If you were born around 1950, you might remember a very popular children’s television show that ran for a few years called “Ding Dong School.”
It began with the smiling “Miss Frances” who would, bell ringing, lovingly welcome her TV class to school. But there are rarely bells anymore. In fact, the only “ding dongs” in the schools nowadays are in Albany at the State Education Department. The bells are now electronic tones, to which students move every 41 minutes in Pavlovian response.
At my school, if a student arrives “after the bell,” they are required to check in at the front office before coming to class. They sign a book and record their time of arrival after checking the large analog clock perhaps 10 feet away.
Want to know something? Easily 75 percent of them don’t know how to read the clock, especially if the minute hand is past the “six.” If the hour hand is halfway between the twelve and the one, and the minute hand is on the “seven” or “eight,” they do not know how to record the time digitally, as in 12:35 or 12:40.
“Clockwise” is an almost foreign concept to the present day student, and to perhaps more than a few adults.
If I instruct a student to take a pan of chicken out of the oven at 1:45, and because cell phones are not permitted for use during class, the student must rely on the one or two classmates in the room who will know that 1:45 is when “the little hand is almost at the two and the big hand is on the nine”.
Aha! There it is! Did you see it in the last sentence? One of the main culprits for this serious learning disability?
“What time is it?”
“I don’t know, I don’t have my phone.”
Can you imagine how stupid that conversation would have sounded even 20 years ago?
“I didn’t ask you for your phone. Why would you have your phone anyway? Isn’t it attached to your house? Why do you need your phone to know what time it is?”
Years ago the smart-aleck response to “What time is it?” was “Time for you to get a watch!”
Can you imagine “time for you to get a phone” instead?
A short while ago I filled in some silly three or four question survey online after visiting a testing-materials website. The “reward” for completing the survey was the choice of one of three “gifts” that would be sent in appreciation. I figured it would be something like a two-day supply of blemish cream or a mechanical pencil, but surprisingly, one of the choices was a wristwatch. Really.
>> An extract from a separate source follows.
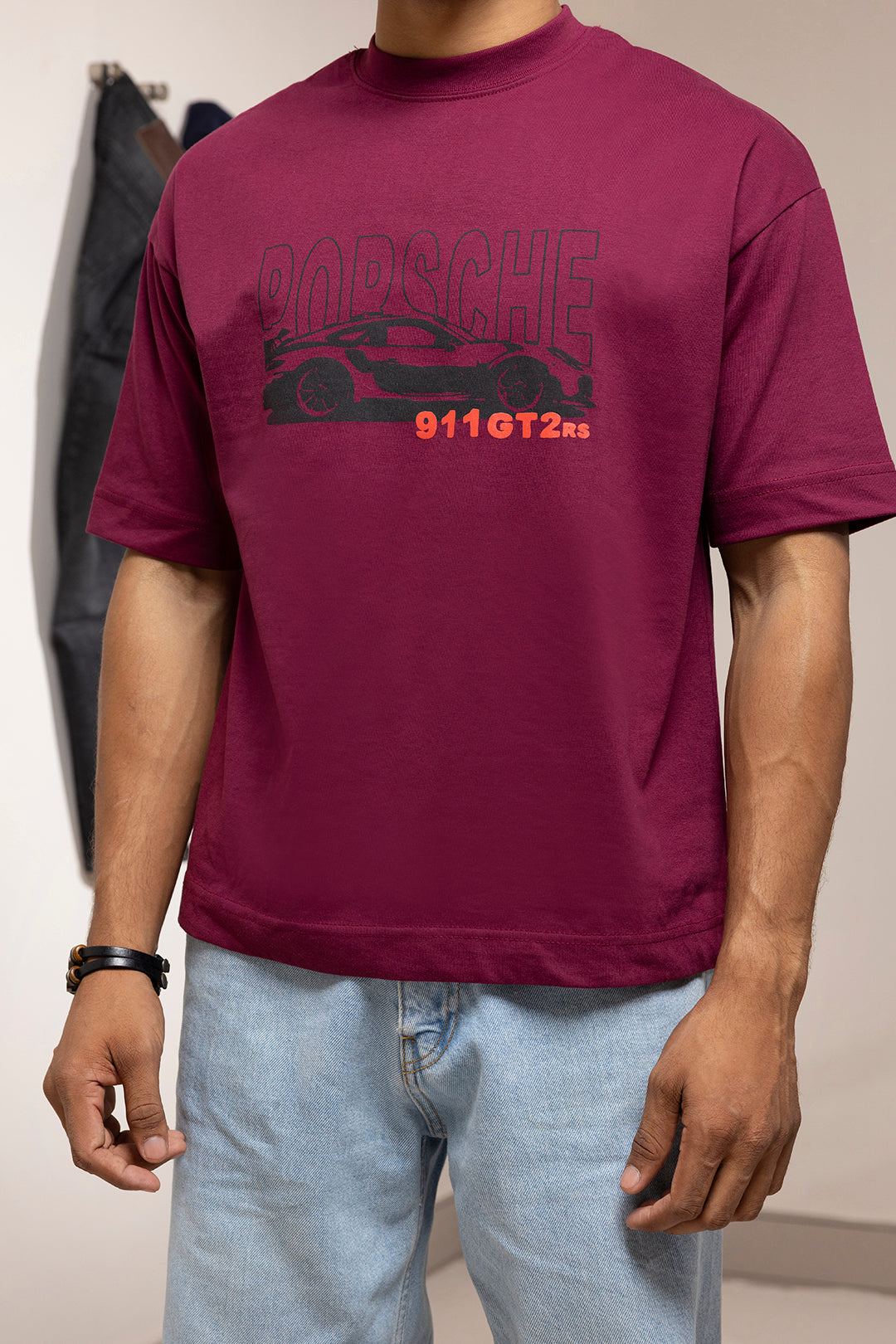 Oversized Graphic T-Shirt - D104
I instantly thought of the joy on our daughter’s face this past Christmas as she opened a small box containing a beautiful watch given to her by her husband. She had spoken of how she missed wearing one, and she had admired one just like the one she now held.
I chose the watch as my gift, filled in all the address information and closed the page. Probably really cheap, but for nothing? Why not?
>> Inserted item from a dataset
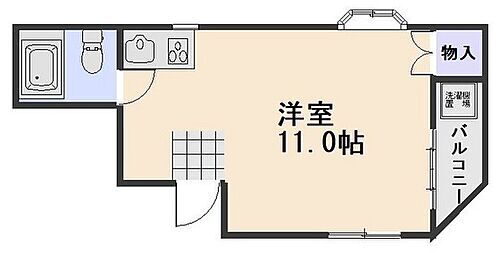 スカイコテージ三野 2階 ワンルーム 賃貸物件詳細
After returning from a week’s vacation, helpmate alerted me to the fact that I had received a box in the mail, probably a part for a waffle iron or my truck, or maybe mandolin strings.
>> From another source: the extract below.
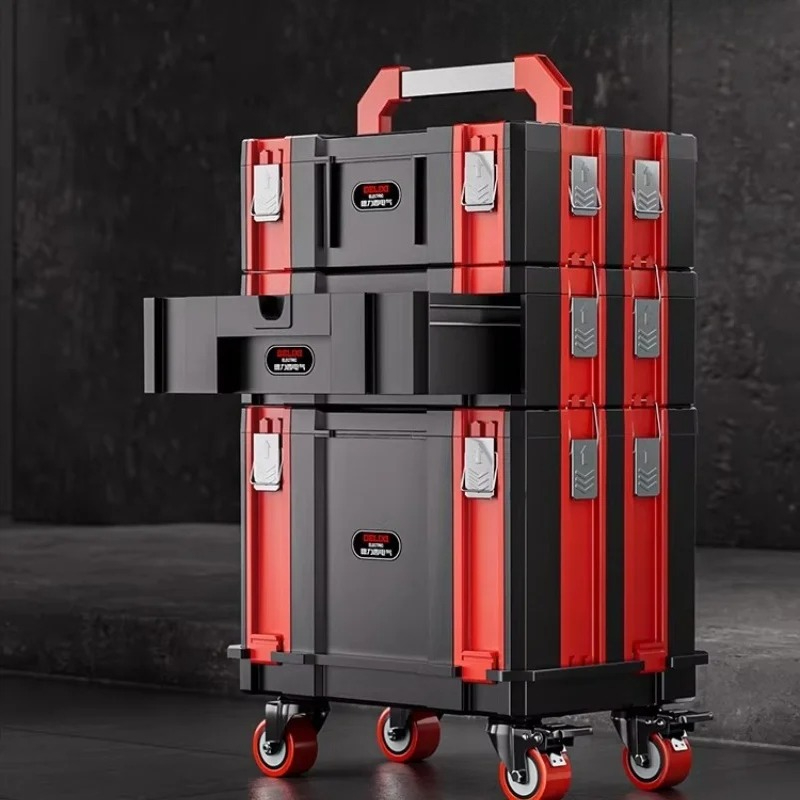 Workshop Garage Tools Manufacturer - صندوق أدوات معدني قابل للتكديس متعدد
“No, I think it could be a wristwatch.”
It was. It is. It’s not really cheap, it has a gold and chrome band and it came in a nice box. I took it to a jeweler to have the band adjusted. I’m wearing it now, and I really like it. The numbers are large enough so that I can read it easily, it has a second hand that moves 60 times per minute, and a stem that I can actually use to set the time without using any tools but my fingers.
On the mantel over the fireplace there’s a little plastic-domed case in which hangs a gold pocket watch that has been in my family for maybe four or five generations. The craftsmanship is exquisite, an example of the finest watchmaker’s art from the early 20th century. This is how people told time then:
“My good sir, could I kindly impose as to request the present hour?”
With a nod and a polite smile, the man would reach into a pocket in his vest specifically designed for the purpose, produce a watch on a chain, pop open the cover and say, “Why certainly, it is just 15 minutes past the hour of two.” After which, with a slight flourish, he would return the timepiece to its place. I know this is true because that’s how they do it on Downton Abbey.
You know why wristwatches were invented? To save people from the inconvenience of having to produce a watch from their pocket. Where do most people go today to get the time if you ask them? They pull their cell phone from their pocket.
Recently I turned in my smartphone for a dumb phone, just a standard flip phone, which lasts for days without charging instead of mere hours, can be dropped from three feet on to the pavement without serious damage, costs half the amount per month to use, and most happily gives me an excuse to engage in real conversation instead of burying my face in the phone checking every minute for messages, mail, alerts, directions, or all manner of esoterica available at the point of a finger.
So now, I can see what time it is … without wasting any of it!